Like the lower bulb of an hourglass, South Florida is filling up with people and running out of time, simultaneously. A new poll shows that Floridians are getting sicker of Florida, the longer they live here.

Florida's ballooning population is likely to become a significant issue in the 2000 election, according to a poll of 500 likely voters by a Washington-based group that advocates tightening immigration laws.

"This is the first time a poll like this has been taken, and it's some pretty startling stuff," said Christopher Conner, a spokesman for Negative Population Growth, an organization that claims 18,000 members nationwide.

"What we found was that the longer a person has been in Florida, the more unhappy they are with the way the state is going. Some 72 percent feel that growth, sprawl and overpopulation are Florida's major problem, and 39 percent feel that Florida is generally worse off than it was five years ago."

It is estimated that Florida adds 650 new residents every day, a million every four years. Even at 1992 growth rates, each day we needed two new miles of roads, two new classrooms, two new teachers, two new police officers, one more jail cell and two more prison beds, according to a state-sponsored study. At current growth rates, each day we need 111,000 more gallons of fresh water than we did the day before. Each day we flush 95,000 more gallons of waste water and generate 3,500 more pounds of solid waste.

Sixty percent of Florida's wetlands have been lost in this century.

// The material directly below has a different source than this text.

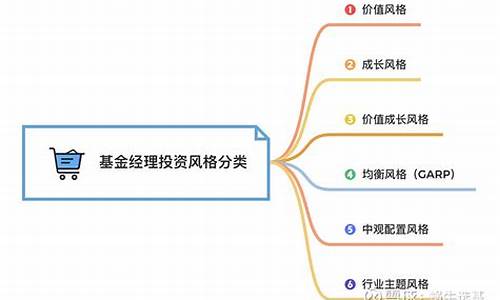 如何分析基金_怎样分析基金价值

Each year about 150,000 acres of farmland in Florida are lost to development, according to the U.S. Department of Agriculture.

The 'mezzanine solution'

Florida, which had a population of just 34,730 in 1830, hosts 15 million people today. It is the fourth most populated state in the country, after California, New York and Texas. Forecasts predict the population will top 20 million in 2020, and reach 30 million by 2050 -- double what it is today. Now 27 of the state's 67 counties have populations over 100,000.

Two counties, Broward and Sarasota, have passed resolutions calling this current week "Overpopulation Awareness Week." It's little more than a gesture, a bit like locking the barn door after the horse has run away. Broward had a population of 1,503,407 in 1998, and many people in the western reaches of the county live like the Dutch, behind levees, on land wrested from the Everglades -- land that ought to be submerged. Sarasota County boasts 321,404 souls, according to 1999 estimates.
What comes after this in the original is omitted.